Les chefs transalpins ne sont pas les seuls à savoir faire couler La Senna festeggiante. Après Alessandrini, Bonizzoni, Scimone et Biondi au disque, le britannique Jonathan Cohen a su en concert, affronter non sans succès les courants souvent contraires de cette « Seine en fête » vendredi à l’Opéra de Clermont à la barre de l’Orchestre d’Auvergne. Pourtant la navigation s’y avère plus complexe qu’il n’y paraît. L’œuvre est en soi déjà un objet hybride entre la sérénade et l’opéra. Vivaldi n’a d’ailleurs jamais vu la couleur des eaux du fleuve qu’il met en musique. Mais l’imagination aidant et son génie faisant le reste, il en fait paradoxalement une peinture des plus réalistes sur fond mythologique.
Le chef invité tient depuis son clavecin, le cap d’une saine alacrité toute en couleurs festives portées par des nuances et contrastes d’un enthousiasme roboratif. Il fait d’entrée oublier les réserves relatives à un manque de tonicité harmonique qui relèguerait cette page en queue de peloton du catalogue vivaldien. Si le véritable objet de la commande demeure obscure – anniversaire ou mariage royal, visite vénitienne d’un prélat francophile ou hommage au nouvel ambassadeur de Louis XV à Venise – le résultat en est loin d’être complaisant ou anecdotique. Pour plaire à l’évidence à ses commanditaires, Vivaldi a su avec brio et sans se renier, flatter leur ego hexagonal en s’adaptant au goût français. Le résultat en est une Seine aux parfums de Grand Canal quand ce n’est pas les eaux de la Sérénissime qui viennent baigner l’Île de la Cité. Cohen légitime sa conduite en conformité avec la rhétorique du compositeur. La phrase est suspendue à la souplesse du cantabile et n’est qu’affaire d’intelligence dans la respiration rythmique. A cela, les cordes de l’orchestre d’Auvergne n’y sont pas étrangères. Elles insufflent force et vigueur, finesse et rigueur au long cours de cette Seine inattendue. Vigilant dans sa battue et précis dans son dessein, Cohen parvient à nous tenir en haleine sur l’ensemble de la vingtaine de numéros qui font un tout cohérent de ce long fleuve intranquille aux multiples rebondissements. Au point de nous faire oublier l’interruption presque incongrue imposée par l’entracte !
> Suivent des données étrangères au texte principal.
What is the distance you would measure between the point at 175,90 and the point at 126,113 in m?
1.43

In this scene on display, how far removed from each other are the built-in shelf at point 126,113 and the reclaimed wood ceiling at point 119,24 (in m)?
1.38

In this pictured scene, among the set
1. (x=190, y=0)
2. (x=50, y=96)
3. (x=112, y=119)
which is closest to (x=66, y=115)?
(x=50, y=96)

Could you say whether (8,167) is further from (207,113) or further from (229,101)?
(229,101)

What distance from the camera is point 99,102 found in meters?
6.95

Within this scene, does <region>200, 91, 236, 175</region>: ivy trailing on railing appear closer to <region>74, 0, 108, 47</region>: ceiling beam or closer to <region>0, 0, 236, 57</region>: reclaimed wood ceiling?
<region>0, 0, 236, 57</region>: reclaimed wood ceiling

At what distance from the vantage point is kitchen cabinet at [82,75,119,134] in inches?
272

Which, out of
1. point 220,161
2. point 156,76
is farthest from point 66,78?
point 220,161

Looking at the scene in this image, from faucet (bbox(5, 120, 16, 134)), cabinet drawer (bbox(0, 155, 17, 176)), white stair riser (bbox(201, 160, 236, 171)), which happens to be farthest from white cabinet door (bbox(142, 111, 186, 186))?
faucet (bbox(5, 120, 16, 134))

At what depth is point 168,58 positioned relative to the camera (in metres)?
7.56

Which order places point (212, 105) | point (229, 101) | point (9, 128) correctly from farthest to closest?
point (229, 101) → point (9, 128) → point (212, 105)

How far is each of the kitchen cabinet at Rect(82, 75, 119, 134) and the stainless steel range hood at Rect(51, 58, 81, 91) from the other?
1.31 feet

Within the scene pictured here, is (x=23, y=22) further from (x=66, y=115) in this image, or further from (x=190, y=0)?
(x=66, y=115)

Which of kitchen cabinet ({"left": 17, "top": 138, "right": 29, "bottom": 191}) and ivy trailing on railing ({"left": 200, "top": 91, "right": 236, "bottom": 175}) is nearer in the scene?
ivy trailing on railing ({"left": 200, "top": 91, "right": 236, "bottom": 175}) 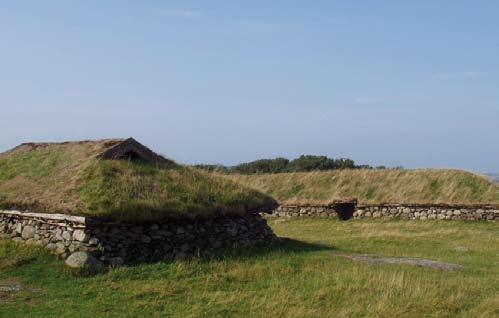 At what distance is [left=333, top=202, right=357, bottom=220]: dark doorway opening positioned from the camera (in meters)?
29.5

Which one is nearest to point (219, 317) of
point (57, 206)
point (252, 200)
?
point (57, 206)

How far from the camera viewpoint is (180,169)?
17.0 metres

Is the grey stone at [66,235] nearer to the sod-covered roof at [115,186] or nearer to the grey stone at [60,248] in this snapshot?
the grey stone at [60,248]

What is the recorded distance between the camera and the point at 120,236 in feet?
43.6

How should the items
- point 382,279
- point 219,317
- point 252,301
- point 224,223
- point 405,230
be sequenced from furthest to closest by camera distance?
point 405,230, point 224,223, point 382,279, point 252,301, point 219,317

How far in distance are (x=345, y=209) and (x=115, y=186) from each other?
60.1 ft

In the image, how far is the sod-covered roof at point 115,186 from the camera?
13641 mm

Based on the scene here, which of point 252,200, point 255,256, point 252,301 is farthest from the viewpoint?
point 252,200

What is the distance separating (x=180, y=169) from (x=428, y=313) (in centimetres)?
971

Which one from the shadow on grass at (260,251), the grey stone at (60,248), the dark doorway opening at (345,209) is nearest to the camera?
the grey stone at (60,248)

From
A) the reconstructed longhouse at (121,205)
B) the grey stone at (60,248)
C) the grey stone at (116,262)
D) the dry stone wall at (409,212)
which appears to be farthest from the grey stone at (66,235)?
the dry stone wall at (409,212)

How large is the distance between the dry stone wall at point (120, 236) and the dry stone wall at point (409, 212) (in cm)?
1404

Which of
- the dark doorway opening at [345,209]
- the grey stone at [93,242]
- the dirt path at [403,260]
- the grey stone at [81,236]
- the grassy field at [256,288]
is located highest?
the dark doorway opening at [345,209]

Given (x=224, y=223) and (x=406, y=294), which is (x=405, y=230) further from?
(x=406, y=294) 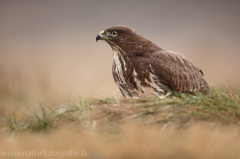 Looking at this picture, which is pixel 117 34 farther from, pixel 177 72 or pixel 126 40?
pixel 177 72

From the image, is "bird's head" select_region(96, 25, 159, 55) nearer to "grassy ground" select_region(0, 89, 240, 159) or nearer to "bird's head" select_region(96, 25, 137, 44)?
"bird's head" select_region(96, 25, 137, 44)

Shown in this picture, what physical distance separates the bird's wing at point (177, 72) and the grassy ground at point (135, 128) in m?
0.38

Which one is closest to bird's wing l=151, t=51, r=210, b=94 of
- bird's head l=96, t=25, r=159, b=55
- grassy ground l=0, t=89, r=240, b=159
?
bird's head l=96, t=25, r=159, b=55

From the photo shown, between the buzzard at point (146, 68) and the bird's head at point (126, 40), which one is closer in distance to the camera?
the buzzard at point (146, 68)

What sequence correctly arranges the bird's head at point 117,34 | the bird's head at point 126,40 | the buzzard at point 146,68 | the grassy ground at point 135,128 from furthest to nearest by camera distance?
the bird's head at point 117,34 → the bird's head at point 126,40 → the buzzard at point 146,68 → the grassy ground at point 135,128

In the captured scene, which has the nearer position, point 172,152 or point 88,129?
point 172,152

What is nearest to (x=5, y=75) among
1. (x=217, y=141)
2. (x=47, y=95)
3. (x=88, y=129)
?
(x=47, y=95)

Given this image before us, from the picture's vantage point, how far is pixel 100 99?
5.83 metres

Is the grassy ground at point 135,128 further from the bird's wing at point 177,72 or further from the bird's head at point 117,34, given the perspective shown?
the bird's head at point 117,34

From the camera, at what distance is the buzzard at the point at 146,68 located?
19.9 ft

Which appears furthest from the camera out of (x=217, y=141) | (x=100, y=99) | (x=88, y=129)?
(x=100, y=99)

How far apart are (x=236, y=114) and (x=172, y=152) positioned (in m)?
1.78

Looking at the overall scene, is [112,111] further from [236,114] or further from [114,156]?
[114,156]

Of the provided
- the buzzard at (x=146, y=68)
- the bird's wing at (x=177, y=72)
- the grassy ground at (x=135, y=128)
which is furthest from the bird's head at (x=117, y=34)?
the grassy ground at (x=135, y=128) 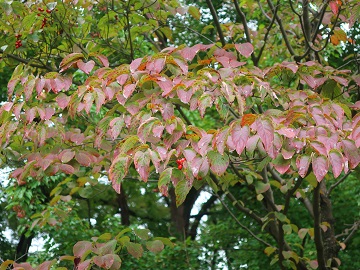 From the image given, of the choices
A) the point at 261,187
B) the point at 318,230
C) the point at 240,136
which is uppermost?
the point at 261,187

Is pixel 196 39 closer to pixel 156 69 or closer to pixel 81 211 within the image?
pixel 81 211

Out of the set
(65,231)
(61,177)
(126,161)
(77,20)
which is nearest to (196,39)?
(61,177)

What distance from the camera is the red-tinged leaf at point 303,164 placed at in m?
2.63

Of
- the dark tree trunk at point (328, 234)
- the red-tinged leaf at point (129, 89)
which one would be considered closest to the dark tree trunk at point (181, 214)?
the dark tree trunk at point (328, 234)

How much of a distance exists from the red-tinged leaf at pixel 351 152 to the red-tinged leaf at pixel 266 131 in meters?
0.35

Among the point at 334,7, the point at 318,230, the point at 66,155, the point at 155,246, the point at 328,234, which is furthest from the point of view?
the point at 328,234

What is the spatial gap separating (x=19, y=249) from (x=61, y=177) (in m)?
3.51

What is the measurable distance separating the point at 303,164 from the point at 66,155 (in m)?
1.48

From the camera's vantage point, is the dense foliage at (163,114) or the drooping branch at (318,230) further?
the drooping branch at (318,230)

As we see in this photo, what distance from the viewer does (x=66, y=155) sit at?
11.9ft

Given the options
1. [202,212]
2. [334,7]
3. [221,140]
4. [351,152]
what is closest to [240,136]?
[221,140]

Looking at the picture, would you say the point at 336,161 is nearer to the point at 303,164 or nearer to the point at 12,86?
the point at 303,164

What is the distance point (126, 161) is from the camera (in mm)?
2691

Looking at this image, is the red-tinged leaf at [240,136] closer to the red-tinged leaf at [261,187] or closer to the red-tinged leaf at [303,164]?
the red-tinged leaf at [303,164] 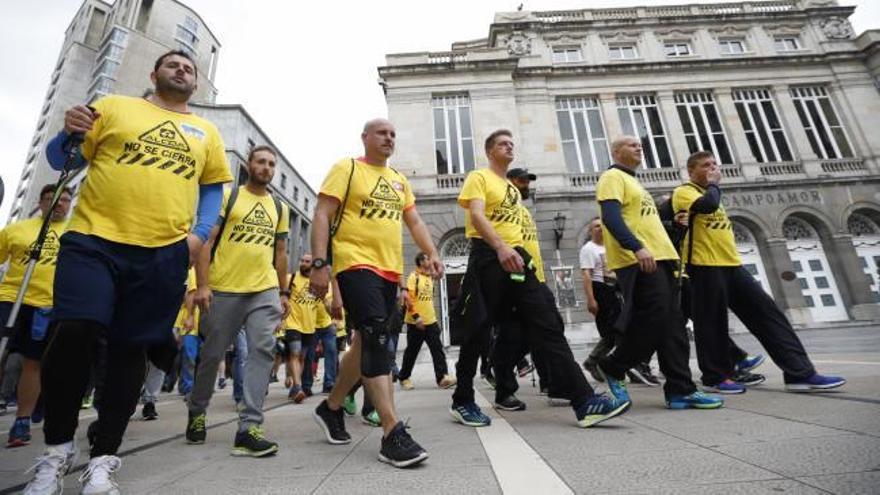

Anna Reinhold, Emöke Barath et Callum Thorpe © Yann Cabello
Si l’Orchestre et son chef donnent le cap de la fluidité et de la ductilité, il revient au trio vocal d’en structurer le ressort dramaturgique. A tout seigneur tout honneur : Callum Thorpe s’impose en Roi des Eaux d’une impressionnante autorité. Le timbre est large, chaleureux, et l’assise d’une solidité technique sans faille avec une profondeur du registre d’une stabilité phénoménale. Il personnifie la puissance souveraine d’un courant que rien ne saurait arrêter. Il donne vie à la sensualité virile du flux régalien. Il y a chez lui cette vibration charnelle qui en devient quasi irréelle tant le grain lui confère un magnétisme presque surnaturel. Et c’est bien à ce haut niveau d’empathie musicale que s’incarne son personnage de dieu-fleuve : une Seine large, conquérante, majestueuse, sans rivale, qui s’accorde avec un rare bonheur aux suavités de L’Âge d’Or d’Emöke Barath et aux séductions de La Vertu d’Anna Reinhold ; fragile équilibre qui est loin d’être acquis d’avance tant les rôles sont tenus de s’appeler et se répondre tout en jouant sur les subtils contrastes de leur dissemblance de caractères qui les rendent complémentaires.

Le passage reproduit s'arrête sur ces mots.